High separation and purification costs: The purity of monomers for bio-based materials needs to exceed 99.9%, and traditional processes result in costs accounting for more than 40%.
The economic performance of the product is lacking: there are few high-value-added categories, there is a structural overcapacity in fermentation production, and the market access for new products is slow.
Development suggestions: Build an independent and controllable industrial ecosystem.

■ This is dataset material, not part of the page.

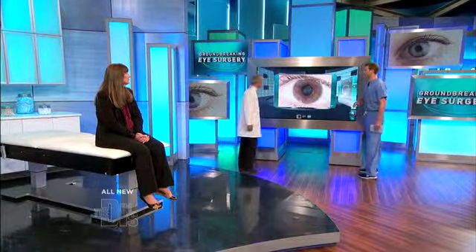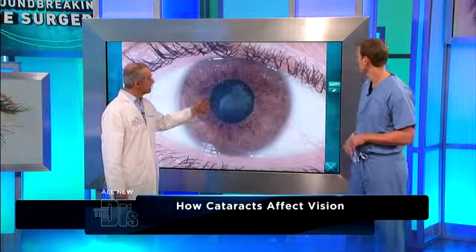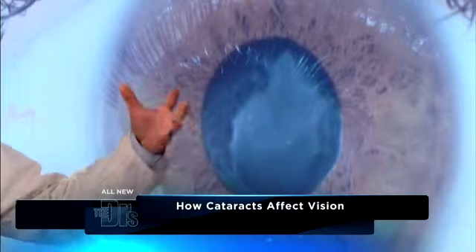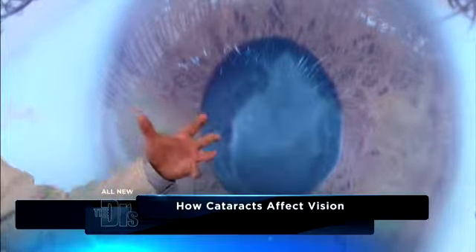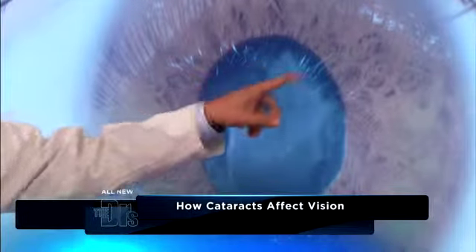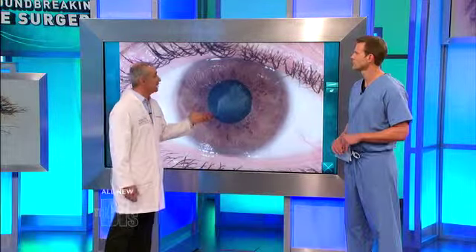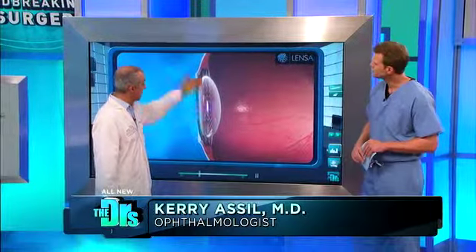Cataracts are very common throughout the world. This is an actual cataract in the patient's eye. What a cataract is, is the loss of transparency of the natural lens inside the eye that's meant to focus everything. And it becomes like a dirty windshield. Literally here you can see the opacity, and as this gets worse and worse, people can literally become blind from this.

Tan Tianwei proposed that China needs to design a "raw materials - catalysts - processes - products" collaborative system from the perspective of the entire industrial chain.
Breakthrough in fundamental technologies: Focus on the research and development of enzyme and cell design tools, build a database and strain library with independent intellectual property rights, and develop specialized equipment such as high-throughput DNA synthesizers.
Reconstruct raw material supply: Develop utilization technologies for non-grain raw materials such as lignocellulose and carbon dioxide to reduce reliance on grain.
Strengthen the pilot-scale platform: Build a universal pilot-scale base, provide full-chain services, and compress the technology conversion cycle to 3-5 years.
Optimize the policy ecosystem: Establish pilot zones for experimentation in regions such as the Beijing-Tianjin-Hebei area and the Yangtze River Delta, improve the standards for new products entering the market and the carbon trading mechanism, and enhance industrial competitiveness.
According to McKinsey's prediction, 60% of global products can be produced through biomanufacturing, which will directly generate about 4 trillion US dollars in economic value in the next 10 to 20 years. Whether China can seize this opportunity depends on the coordinated advancement of technological breakthroughs and industrial ecosystems.